Investigating the Gender Differences in Trust in Science
Survey-weighted analysis of trust and attitudes toward science/healthcare across gender, education, politics, and religiosity
Motivation
Public trust in science and healthcare shapes outcomes: people’s medical decisions, responses to public health guidance, and interpretation of uncertainty and risk. I wanted to explore how attitudes related to science/healthcare vary across gender, and how those relationships interact with education, political orientation, and religiosity — while being careful about the statistical pitfalls common in large survey datasets.
What I analyzed
The analysis focuses on trust/attitude measures (Likert-style items) and compares distributions across groups, then examines correlations and modeled relationships with key demographic predictors. The goal is not to “win an argument” with a plot, but to produce an interpretable, reproducible workflow that a careful reader could audit.
Core comparisons
- Gender × trust: how trust/attitudes differ by gender
- Education × trust: association between education level and trust measures
- Politics × trust: association between political orientation and trust measures
- Religiosity × trust: association between religiosity and trust measures
Methodology
Survey analysis is easy to get wrong. This project treats methodology as a first-class concern: consistent recoding of numeric survey responses, explicit handling of missing values, and the use of survey weights when comparing groups so that summary statistics better represent the target population.
Data preparation
- Converted numeric-coded survey columns safely (coercing non-responses to missing)

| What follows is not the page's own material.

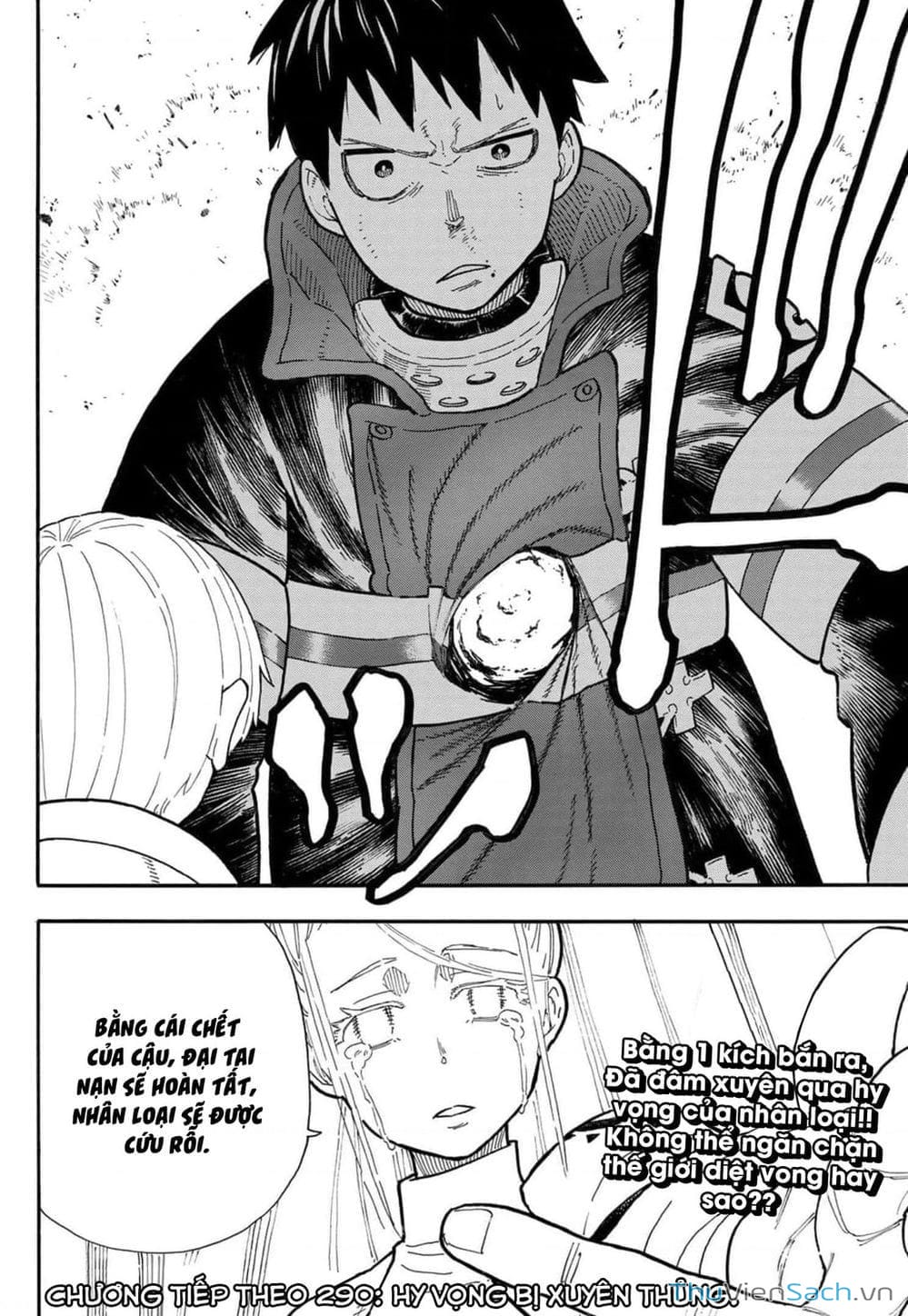 Truyện Tranh Biệt Đội Lính Cứu Hỏa - Fire Force trang 4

- Reverse-coded negatively worded items to keep interpretation consistent
- Kept analysis scoped to interpretable comparisons rather than overfitting
Analysis & reporting
- Used weights for group summaries where appropriate
- Focused on effect sizes and directionality, not just “significance”
- Designed plots to be readable and honest about uncertainty
Challenges & debugging
A recurring practical challenge in survey analysis is reshaping and aggregating data cleanly when columns contain mixed types or duplicated labels, and when missingness is encoded inconsistently across variables. Debugging involved making transformations explicit and validating intermediate outputs (counts, distributions, and spot-checks) before producing plots.
What this demonstrates (industry framing)
This project demonstrates end-to-end data analysis skills on messy, real-world data: defining a scope, cleaning and recoding, choosing methods that match the data-generating process (including weighting), and communicating results in a way that avoids overclaiming. These skills transfer directly to product analytics, applied research, policy-facing data work, and R&D teams working with observational datasets.